# Task prompt
Which lines of the records hold the string "More"? Report only how many of them there are.

# Dataset excerpts
****
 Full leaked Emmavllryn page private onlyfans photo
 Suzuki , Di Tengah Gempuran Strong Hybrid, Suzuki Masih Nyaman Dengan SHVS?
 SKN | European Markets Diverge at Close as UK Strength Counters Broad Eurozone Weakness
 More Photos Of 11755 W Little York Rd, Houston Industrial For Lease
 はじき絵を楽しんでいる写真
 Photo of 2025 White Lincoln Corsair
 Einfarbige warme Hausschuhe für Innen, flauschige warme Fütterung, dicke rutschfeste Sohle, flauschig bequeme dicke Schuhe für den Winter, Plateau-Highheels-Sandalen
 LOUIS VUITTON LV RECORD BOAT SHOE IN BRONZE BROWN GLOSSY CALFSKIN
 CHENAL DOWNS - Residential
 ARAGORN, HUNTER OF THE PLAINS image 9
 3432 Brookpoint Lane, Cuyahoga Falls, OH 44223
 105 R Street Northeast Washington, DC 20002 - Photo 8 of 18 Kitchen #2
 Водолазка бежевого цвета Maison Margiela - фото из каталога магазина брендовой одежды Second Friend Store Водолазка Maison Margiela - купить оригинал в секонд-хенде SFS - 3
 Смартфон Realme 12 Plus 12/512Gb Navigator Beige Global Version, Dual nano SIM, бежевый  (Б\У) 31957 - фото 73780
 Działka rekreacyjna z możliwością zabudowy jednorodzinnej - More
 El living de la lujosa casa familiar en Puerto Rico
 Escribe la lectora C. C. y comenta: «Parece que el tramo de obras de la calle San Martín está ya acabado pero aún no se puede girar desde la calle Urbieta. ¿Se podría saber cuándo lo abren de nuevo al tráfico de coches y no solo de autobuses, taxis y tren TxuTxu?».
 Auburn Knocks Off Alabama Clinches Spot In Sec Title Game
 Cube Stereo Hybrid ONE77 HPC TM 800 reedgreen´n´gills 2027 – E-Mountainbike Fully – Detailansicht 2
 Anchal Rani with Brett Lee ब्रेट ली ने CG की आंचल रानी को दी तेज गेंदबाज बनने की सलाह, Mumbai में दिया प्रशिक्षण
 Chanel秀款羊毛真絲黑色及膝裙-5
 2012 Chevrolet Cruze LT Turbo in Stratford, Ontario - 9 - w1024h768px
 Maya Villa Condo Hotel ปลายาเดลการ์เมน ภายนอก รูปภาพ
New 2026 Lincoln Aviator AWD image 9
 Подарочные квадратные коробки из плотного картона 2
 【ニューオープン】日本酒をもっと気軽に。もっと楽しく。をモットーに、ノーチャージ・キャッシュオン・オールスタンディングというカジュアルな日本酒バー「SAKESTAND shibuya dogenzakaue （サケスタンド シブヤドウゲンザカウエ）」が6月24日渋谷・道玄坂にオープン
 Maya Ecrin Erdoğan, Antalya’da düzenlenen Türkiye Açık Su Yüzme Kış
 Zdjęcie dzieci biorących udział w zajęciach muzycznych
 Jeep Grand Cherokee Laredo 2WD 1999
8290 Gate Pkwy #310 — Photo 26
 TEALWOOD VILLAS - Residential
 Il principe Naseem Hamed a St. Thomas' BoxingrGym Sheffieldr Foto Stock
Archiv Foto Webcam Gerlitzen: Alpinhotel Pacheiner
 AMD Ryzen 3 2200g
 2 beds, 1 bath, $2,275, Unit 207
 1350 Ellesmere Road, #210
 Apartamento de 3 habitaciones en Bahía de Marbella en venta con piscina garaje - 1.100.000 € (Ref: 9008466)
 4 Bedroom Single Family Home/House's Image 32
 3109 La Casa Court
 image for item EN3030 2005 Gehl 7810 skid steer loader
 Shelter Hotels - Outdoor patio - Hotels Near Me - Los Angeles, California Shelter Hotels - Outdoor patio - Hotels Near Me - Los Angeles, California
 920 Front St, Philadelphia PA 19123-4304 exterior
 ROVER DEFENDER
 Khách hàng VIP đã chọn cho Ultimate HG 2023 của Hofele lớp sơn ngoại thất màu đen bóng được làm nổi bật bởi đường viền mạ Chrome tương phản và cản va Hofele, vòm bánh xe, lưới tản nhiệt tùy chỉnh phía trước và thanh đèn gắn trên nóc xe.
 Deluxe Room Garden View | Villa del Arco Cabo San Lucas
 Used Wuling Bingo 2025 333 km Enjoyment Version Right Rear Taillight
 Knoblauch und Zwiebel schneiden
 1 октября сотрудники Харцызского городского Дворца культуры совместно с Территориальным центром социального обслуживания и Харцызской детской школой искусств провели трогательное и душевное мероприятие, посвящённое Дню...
****
# Exercise output
2